BY Travis Mackenzie HooverPublished May 25, 2007

When we first meet Margie Chizek (Tanna Frederick), she’s failing at an audition. First she cries, then she fluffs the monologue she’s prepared, then she explains how bad she wants to be a star. For a moment, the film is on the knife’s edge of satire and annoyance, and we wonder if this isn’t just a prologue to the real action of Hollywood Dreams. No such luck; we’re then hardwired into the supremely flustered protagonist’s world and it’s simply too much to bear. After that disastrous audition, she manages to meet a Hollywood bigwig walking his dog and suddenly finds herself in proximity to Robin (Justin Kirk), an up-and-coming movie actor who’s publicly posing as gay.
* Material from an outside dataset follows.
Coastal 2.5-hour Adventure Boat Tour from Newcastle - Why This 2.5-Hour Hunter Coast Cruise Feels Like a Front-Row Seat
In what must be some kind of acid flashback on the part of the writer/director, it’s decided that Robin’s coming out as straight will hurt his career and thus Margie is tempted with a career of her own if only she’ll drop her new beau. You can see early on that nothing in Henry Jaglom’s film is going to ring true but that might have been pleasant if the character of Margie wasn’t so in love with tiresome histrionics — as represented by the wildly overacting Frederick, she’s so unhinged that she makes even the fantasy that surrounds her seem at best flimsy and at worst a brutal attack on the nervous system. It’s impossible to sympathise with her in any way, a matter compounded by the ridiculous back-story the movie creates for her and the limp psychodrama it builds around it. And despite the presence of Karen Black and The Sopranos’ David Proval, none of the actors are able to create belief in the tired daydream on offer here. Flee in terror.